More recently, Paul has been focusing on some of the more practical aspects of our unity, namely that sin and disobedience to God breaks unity within the church and causes division every time and on every level.
And so, Paul has been dealing with our sins. He says, take off the old and put on the new. You have been changed and it is through the power of Christ and the Work of the Holy Spirit you have been changed. So, stop doing wrong, stop sinning against God and each other. Turn your eyes and heart to Jesus and let him guide your actions and thoughts.
So, with that we will go ahead and read this morning’s passage, Ephesians chapter 5, verses 1 through 10. Ill be reading out of the English Standard Version. Please grab your preferred translation and follow along reading for yourself.
Paul, inspired by the Holy Spirit, writing the inerrant Word of God, writes:
Therefore be imitators of God, as beloved children. 2 And walk in love, as Christ loved us and gave himself up for us, a fragrant offering and sacrifice to God.
3 But sexual immorality and all impurity or covetousness must not even be named among you, as is proper among saints. 4 Let there be no filthiness nor foolish talk nor crude joking, which are out of place, but instead let there be thanksgiving. 5 For you may be sure of this, that everyone who is sexually immoral or impure, or who is covetous (that is, an idolater), has no inheritance in the kingdom of Christ and God. 6 Let no one deceive you with empty words, for because of these things the wrath of God comes upon the sons of disobedience. 7 Therefore do not become partners with them; 8 for at one time you were darkness, but now you are light in the Lord. Walk as children of light 9 (for the fruit of light is found in all that is good and right and true), 10 and try to discern what is pleasing to the Lord.
Thus says the Word of God.
Therefore. Again, because of what I just said then this. Paul’s last comment, the last verse we have in chapter 4, he says, be kind to one another, tenderhearted, forgiving one another, as God in Christ forgave you.

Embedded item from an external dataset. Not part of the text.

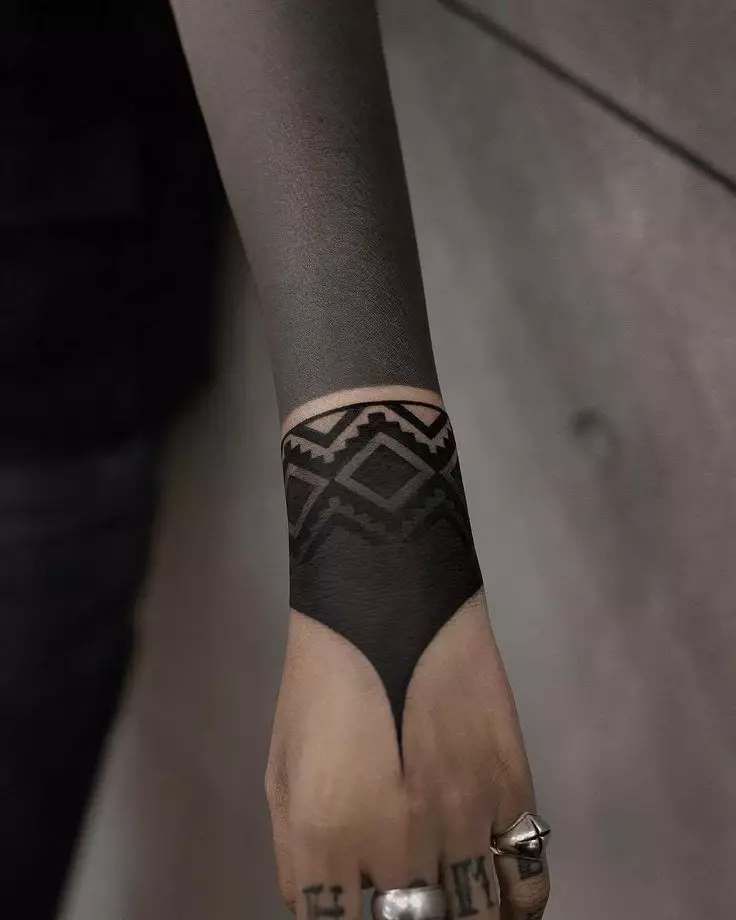Tatuaggio sotto forma di un braccialetto nelle mani delle ragazze: tatuaggi femminili sul polso e sull'avambraccio, schizzi di fiori tatuaggio sotto forma di un braccialetto e altre opzioni, i loro significati 13770_45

So, because of that, because you are to respond to Christ forgiving you by forgiving others, therefore, be imitators of God. He forgave you. Imitate him by forgiving others and each other.
Imitate God, as his beloved children. Imitate him as our children naturally try to imitate their parents. A friend of mine recently preached through Ephesians 4 and the section we look at last week, and one of his points was that we are to “Take off childish clothes, put on Christ! We’ll end up looking like a little boy wearing Dad’s clothes, but we should be growing into those clothes.”
We are children of God, and we are to grow up in the likeness of Him, to be like him, to be conformed to the image of his Son, Jesus Christ. To do that, we are to imitate him. Imitating God means imitating Jesus.
And so, we are to walk in love. Just as Christ loved us. And he gave himself up for us, a fragrant offering and sacrifice.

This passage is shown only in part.